At points Γ₂ and M₂, masses m₁ and m₂ exhibit deformation for the 45° unit cell in the same direction, whereas masses m₃ and m₄ exhibit no deformation for the 45° structure. There is a rigid body deformation at both points of symmetry for the 60° unit cell, as seen by noticing that all of the masses deform in the same direction at both Γ₂ and M₂. For 36° unit cell, it can be seen that all the masses are pointing in the same direction at point Γ₂, but shearing deformation is visible at point M₂, where masses m₁ and m₂ are pointing in the same direction and masses m₃ and m₄ are pointing in the same direction. There is a rigid body deformation at both points of symmetry for the 30° unit cell, as seen by the fact that all of the masses deform in the same direction for both Γ₂ and M₂.

The 45° unit cell exhibits a shearing deformation at points Γ₃ and M₃, where masses m₁ and m₂ deform in the same direction and masses m₃ and m₄ deform in the same direction. The deformation shows how the masses are moving in opposite but parallel directions.

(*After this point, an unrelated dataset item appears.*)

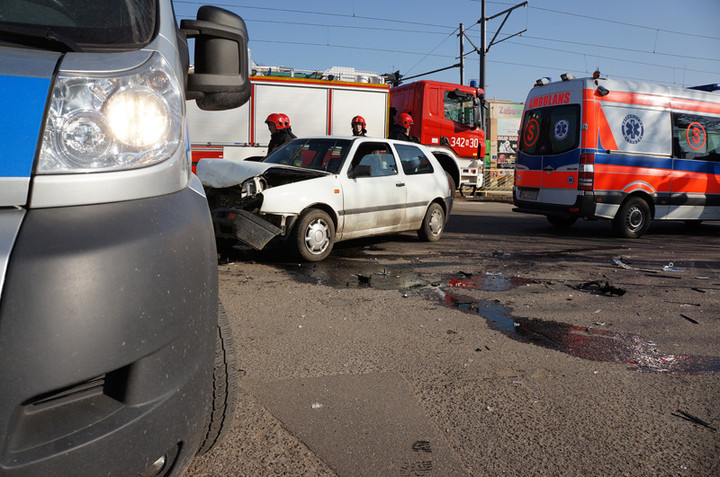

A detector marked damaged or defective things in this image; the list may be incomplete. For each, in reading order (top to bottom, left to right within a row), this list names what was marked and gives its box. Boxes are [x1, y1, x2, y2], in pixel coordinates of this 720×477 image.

The 60° structure exhibits compression deformation, as a result of two masses acting towards one another and being directed along the same line, with masses m₁ and m₂ deforming in the same direction and masses m₃ and m₄ deforming in the same direction. The 36° unit cell illustrates rigid body motion by the deformation of all the masses simultaneously in the same direction. At points Γ₃ and M₃, the 30° unit cell exhibits stretching and compression, respectively. For the structure that undergoes stretching, masses m₁ and m₂ deform in the same direction and masses m₃ and m₄ deform in the same direction, as a result of two masses acting away from each other and directed along the same line, making the structure to be stretching.

The 45° unit cell, as well as all other configuration angles exhibit stretching deformation at points Γ₄ and M₄, with the exception of the 60° unit cell, which exhibits compression of masses m₁ and m₃. At points Γ₅ and M₅, stretching deformation can be noticed for all the structures including the 45° unit cell, with the exception of the 36° and 30° structures, where compression of masses m₁ and m₂ was observed. All configuration angles indicate that adjacent masses at points Γ₆ and M₆ are deforming in opposition to one another to create a standing wave. At points Γ₇ and M₇, all configuration angles exhibit a similar deformation, with m₁ and m₃ deforming in the same direction, while masses m₂ and m₄ deform in the same direction. The deformation behavior at points Γ₈ and M₈ is identical for the structures of various configuration angles, where all the masses deform in the same direction, with the exception of the Γ₈ point at a 30° structure, where m₂ and m₄ are 90° out of phase with the adjacent masses (Fig. 19 ).

Fig. 19

Experimental setup

There are three distinct symmetry points in the dispersion curves of the symmetric structure with a configuration angle of 45°, and these are the Γ, X, and M points. When the configuration angle is changed to 60°, 36°, and 30°, the new points of symmetry are Γ, X, M, and Y. The dispersion curves typically reach maximum or minimum at these locations.